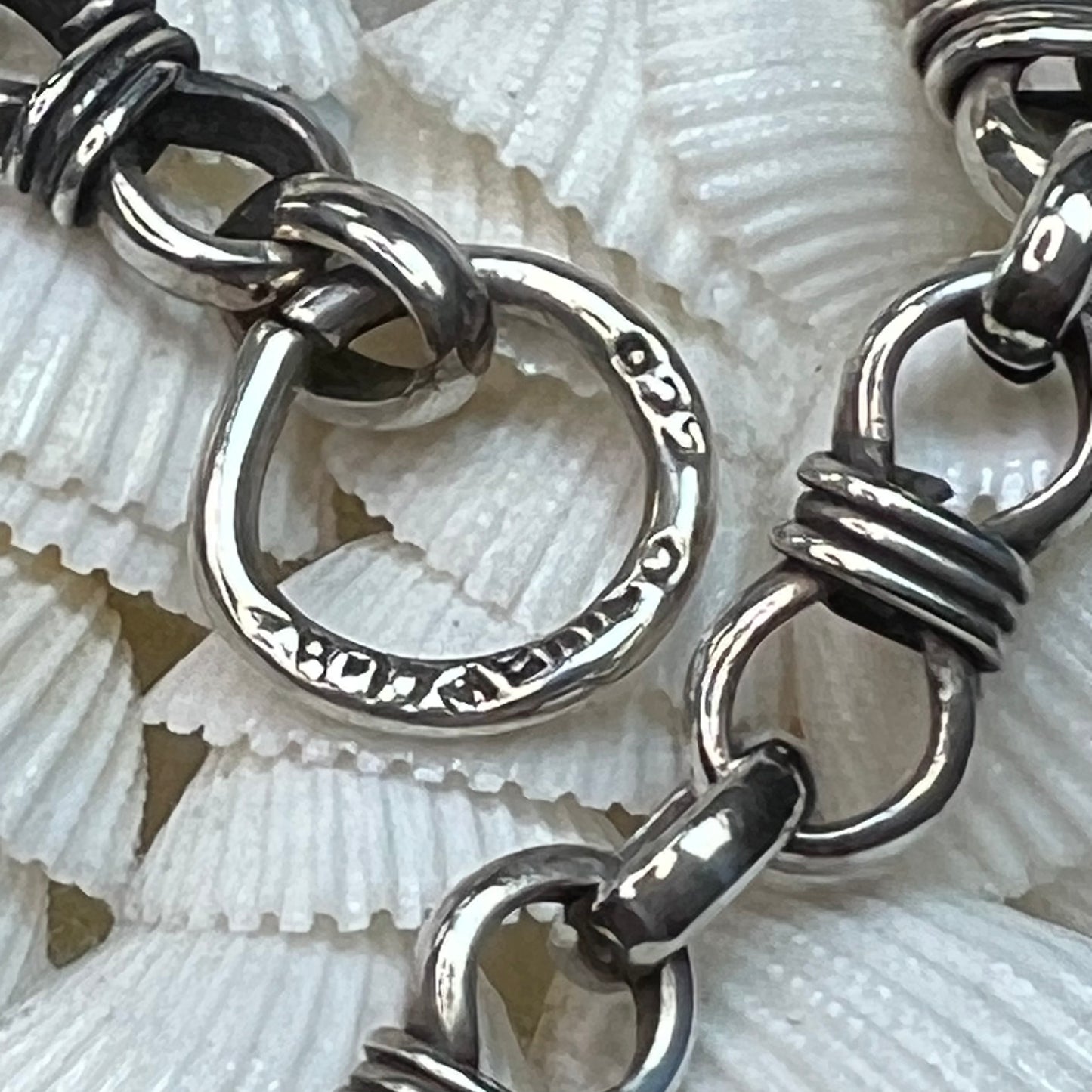 Vintage Mexican Sterling Silver Hefty Toggle Link Bracelet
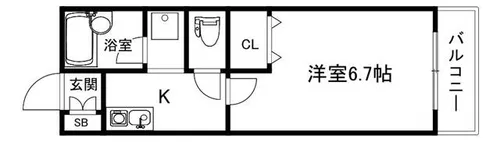 エスポワール書写【2階】の間取り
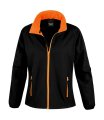 Dames Softshell Jas Result R231F Black/Orange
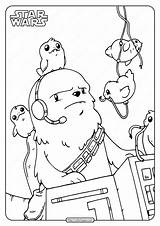 Wars Coloring Chewie Porgs Star Pages Whatsapp Tweet Email sketch template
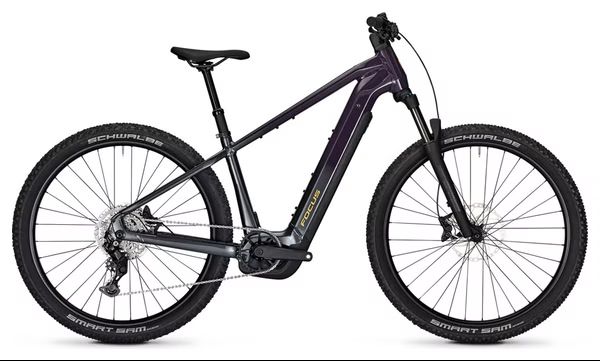 Focus Jarifa² 6.7 Hardtail-Elektro-Mountainbike, Shimano Cues 9-Gang-Schaltung, 540 Wh, 29", Lila/Schwarz, 2026
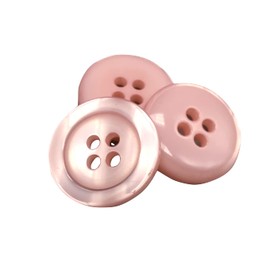 50 Mother of Pearl Buttons - 5 Sizes and 11 Colours to Choose From - Made and Shipped from Spain (Pink, 18mm)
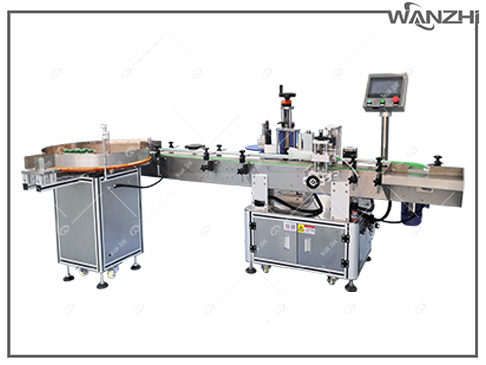 圓瓶立式不幹膠貼標機,調料瓶（píng）貼標（biāo）機,自動送瓶（píng）貼標機
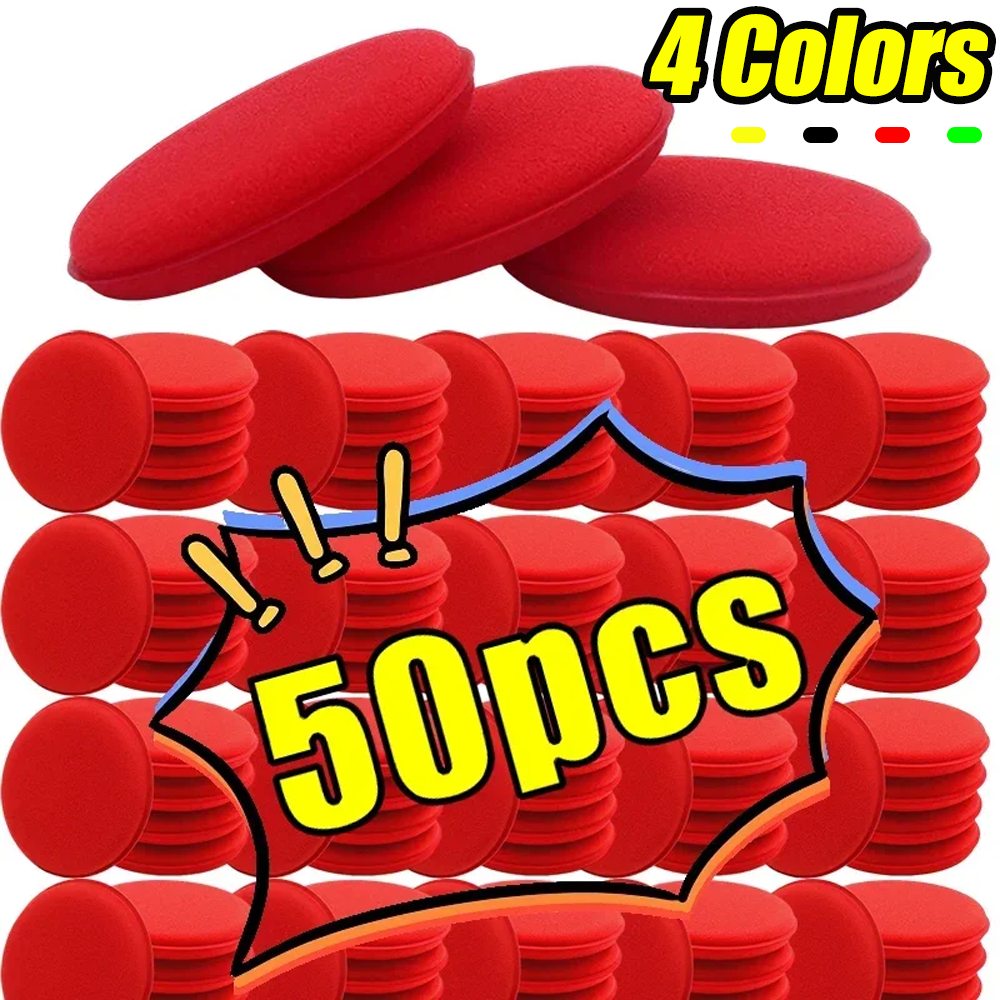 50pcs Round Car Ultra Soft Foa – Wax Applicator Pad recenzja i cena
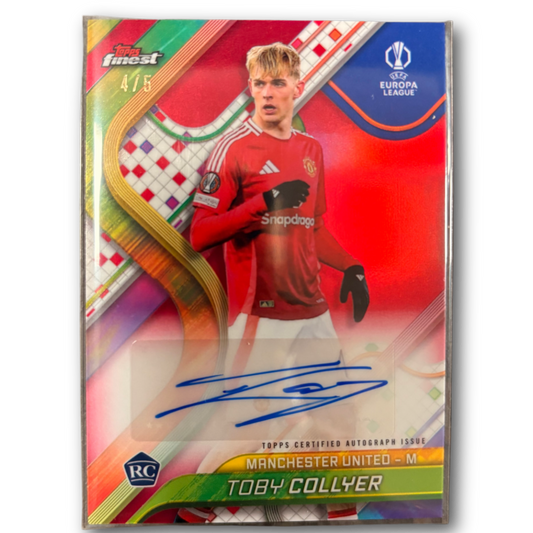 COLLYER - 2024/25 Topps Finest UCC /5 Auto RC
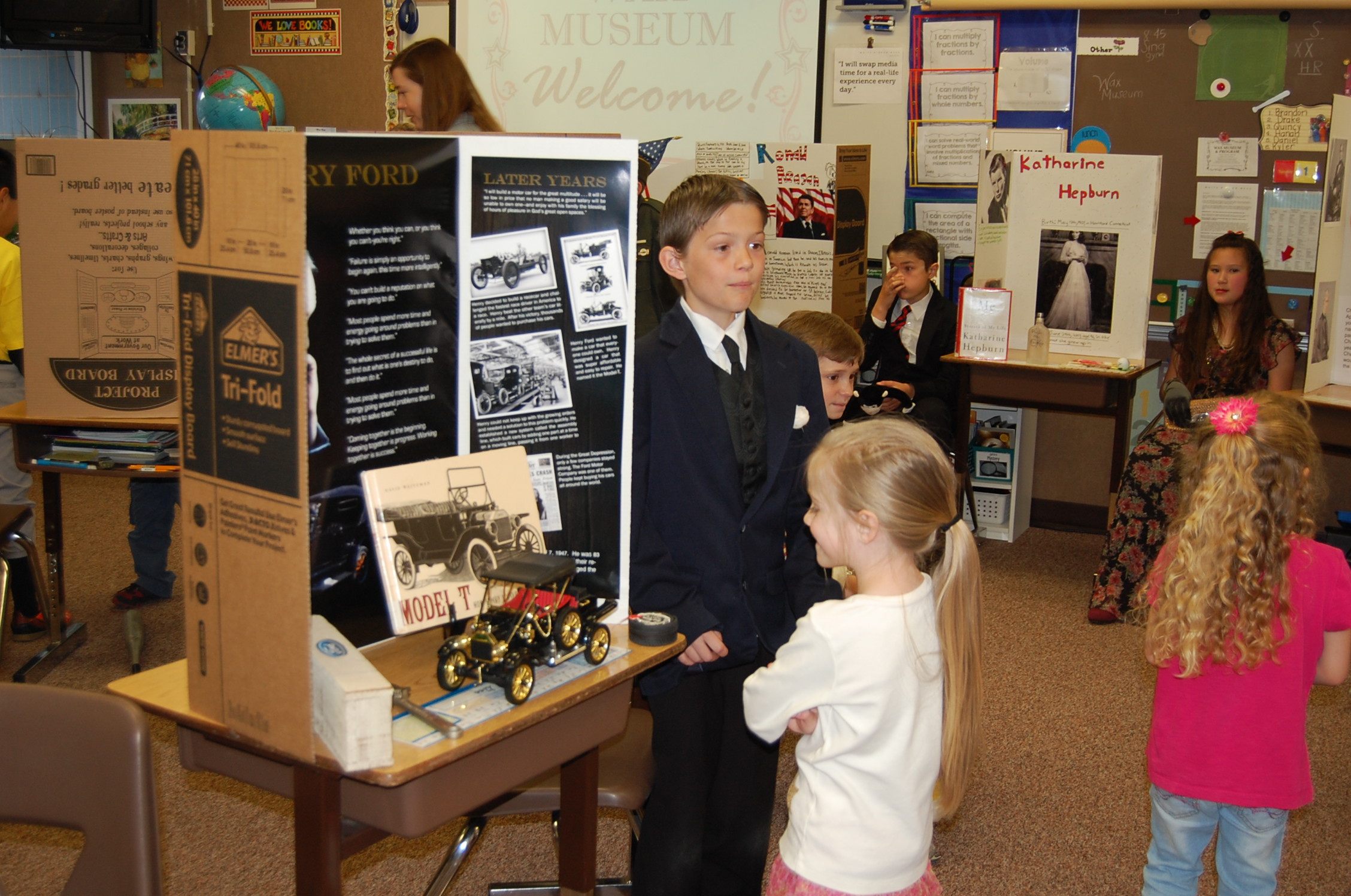 5thGrade Wax Museum Art City Elementary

[Exercise goal] Could you write out again, exactly, the lines from the line containing "50 Mother of" through the last line of the records above? Leave out the pictures.

[Answer to this task]
 50 Mother of Pearl Buttons - 5 Sizes and 11 Colours to Choose From - Made and Shipped from Spain (Pink, 18mm)
 圓瓶立式不幹膠貼標機,調料瓶（píng）貼標（biāo）機,自動送瓶（píng）貼標機
 50pcs Round Car Ultra Soft Foa – Wax Applicator Pad recenzja i cena
 COLLYER - 2024/25 Topps Finest UCC /5 Auto RC
 5thGrade Wax Museum Art City Elementary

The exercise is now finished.